In a more comprehensive framework, the presented studies represent the initial part of a process whose final aim will be to demonstrate the clinical therapeutic efficacy of the ingestible capsule. To reach that goal, the following methodology was considered: (1) R&D activities, including theoretical and in vitro models, to design, produce and characterise a functioning prototype to be used in a therapeutic approach to Hp-associated infections; (2) safety tests (laboratory + animal models); (3) efficacy tests in humans. Regarding point (1) in particular, previous studies [25, 30, 39] have already defined the basis to claim the a priori feasibility of the capsule-based therapeutic approach. That claim must find a substantiation in points (2) and (3), as described above. In this approach, doubts about the therapeutic efficacy are certainly conceivable but not incompatible with the development of stage (1) and, above all, stage (2), being stage (3) the real verification point. Of course, this argument can also be applied to other therapeutic capsule prototypes with different working principles, which in our knowledge have not been accompanied by any safety neither efficacy results in a clinical setting till now.
In step (1), the main output consisted in producing prototypes whose characteristics (dimensions, emission, etc.) were as much close as possible to the desired ones, previously defined by theoretical and semi-theoretical models. Then, step (2) was performed, and its illustration and discussion represent the scope of this work. The safety tests were subdivided into: (i) laboratory tests and (ii) tests on animals.
Starting from the casing, biocompatibility, durability, and transparency (transmittance spectrum) were the main needed properties. Among the chosen materials for endoscopic capsules, polycarbonate and Poly(methyl methacrylate) are the most used and have similar transparency properties for the same thickness, which led to the choice of one of them (polycarbonate) for the casing. The LED sources were first chosen according to their emission peak wavelength, then dimensions and nominal emitted power were considered. Certainly, different choices could have led to different performances in terms of capsule emission geometry and power. A comprehensive study in this field is very complex and out of the scope of this work. In fact, numerous parameters are present with coupled influence on the final device performance, such as the total emitted radiant power, emission geometry and spectrum, pulsed/continuous emission, pulse duration and duty ratio, and heat production and its influence on LED emission. Rather, a definition of the “best” desired emission and performance is difficult as well, being the device in vivo efficacy the final proof, also considering the absence of active movements of the device that could drive the illumination geometry in vivo. In our case, priority was given to the need of maximising the emitted radiant energy in a definite time, corresponding to the mean expected residence time in the gastric cavity. For this, a programmed pulsed emission was first defined to facilitate heat dispersion. Then, four different duty ratios were defined in the reasonable range 0.5–0.9. The final chosen value for the duty ratio was 0.6. In fact, the energy emission values associated with D = 0.6 and 0.75 coincide within the error, the emission with D = 0.6 being more constant over time. The emission pulse duration (Tpulse = 2 s) was chosen to be much smaller than the whole expected stomach illumination time and at the same time much bigger respect to the LED switching time between the “on” and “off” states. Tpulse was kept constant for all D values, which were then characterised by different duration for the “on” and “off” states respectively.

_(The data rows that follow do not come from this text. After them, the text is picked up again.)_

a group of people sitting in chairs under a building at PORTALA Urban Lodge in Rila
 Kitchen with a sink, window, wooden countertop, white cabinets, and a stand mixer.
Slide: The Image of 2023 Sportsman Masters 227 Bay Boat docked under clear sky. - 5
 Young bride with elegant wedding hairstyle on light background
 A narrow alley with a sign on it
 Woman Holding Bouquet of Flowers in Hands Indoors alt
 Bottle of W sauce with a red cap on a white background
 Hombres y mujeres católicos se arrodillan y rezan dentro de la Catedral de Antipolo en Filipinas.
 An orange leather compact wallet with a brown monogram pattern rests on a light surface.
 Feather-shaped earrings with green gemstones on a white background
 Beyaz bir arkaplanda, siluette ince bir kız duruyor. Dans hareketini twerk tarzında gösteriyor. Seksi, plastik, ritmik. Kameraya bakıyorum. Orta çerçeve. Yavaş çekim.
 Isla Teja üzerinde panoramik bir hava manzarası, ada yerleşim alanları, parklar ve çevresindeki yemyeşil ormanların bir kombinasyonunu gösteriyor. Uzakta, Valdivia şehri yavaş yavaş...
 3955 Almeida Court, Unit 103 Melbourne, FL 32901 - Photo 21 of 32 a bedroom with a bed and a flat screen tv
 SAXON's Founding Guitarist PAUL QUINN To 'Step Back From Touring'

In analysing Table 2, there are limitations linked to battery and LED performances and the way power is transferred between them. The prototype presented in this work corresponds to the best result obtainable in our knowledge and with our current capacities, even if a newer capsule design is under consideration with an expected improvement factor in the emitted energy of at least 2–3. In particular, of the unavoidable limiting factors is certainly the way batteries are designed and built, which in turn drives the energy coupling between them and the LEDs. Unfortunately, in our knowledge, the totality of commercial and miniaturised batteries is designed to last as much long as possible, which does not optimise their performance for our specific application. It must be considered that, for the moment, an ad hoc solution for the batteries was not feasible due to both technological and cost-related issues. No issues arose from the point of view of LED driving voltage, which proved to drive light emission for the whole 18-min time span.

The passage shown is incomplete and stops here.